Premier Christy Clark's decision to cancel the fall sitting of the legislature means a further delay in expanding the powers of B.C.'s Representative for Children and Youth.

Clark promised earlier this year to give Mary Ellen Turpel-Lafond the ability to advocate for vulnerable young people until they reach age 24.

Under current rules, Turpel-Lafond loses the ability to help once they turn 19. This has created problems for her office, particularly when it tries to help youth with developmental disabilities as they enter adulthood and responsibility for their care shifts from the Children's Ministry to Community Living B.C.

The premier said in January that the government would expand Turpel-Lafond's powers as part of a 12-point, $40-million plan to fix problems at Community Living B.C. and improve services for adults with developmental disabilities.
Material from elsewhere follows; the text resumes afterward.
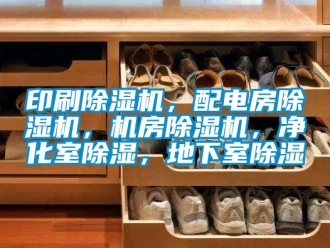 行業(yè)新聞?dòng)∷⒊凉駲C(jī)，配電房除濕機(jī)，機(jī)房除濕機(jī)，凈化室除濕，地下室除濕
Her government failed to introduce the necessary bill during the spring sitting of the legislature, and with no session this fall, it will be next year before Turpel-Lafond gets the tools she needs.

Turpel-Lafond said the situation is putting considerable strain on her advocacy staff, which tries to help young people with special needs make the transition from youth to adult services. Her office has handled about 1,000 such cases involving children with complex special needs in the past five years, and advocates want to be able to support people in the critical years after they turn 19.

"My advocacy staff gets a little anxious about whether this will happen or not," Turpel-Lafond said.

"The need for advocacy is the same today as it was last year. I had hoped, certainly, to play a more active role, instead of dealing with it from a crisis point to a crisis point."

Social Development Minister Moira Stilwell issued a statement saying government remains committed to expanding the representative's powers and is drafting the necessary legislation.

The B.C. Government and Service Employees' Union, which raised the issue last week, called the delay disappointing and said young people will slip through cracks in the system as a result.

Union spokesman Doug Kinna said government should recall the legislature to give Turpel-Lafond the power she needs.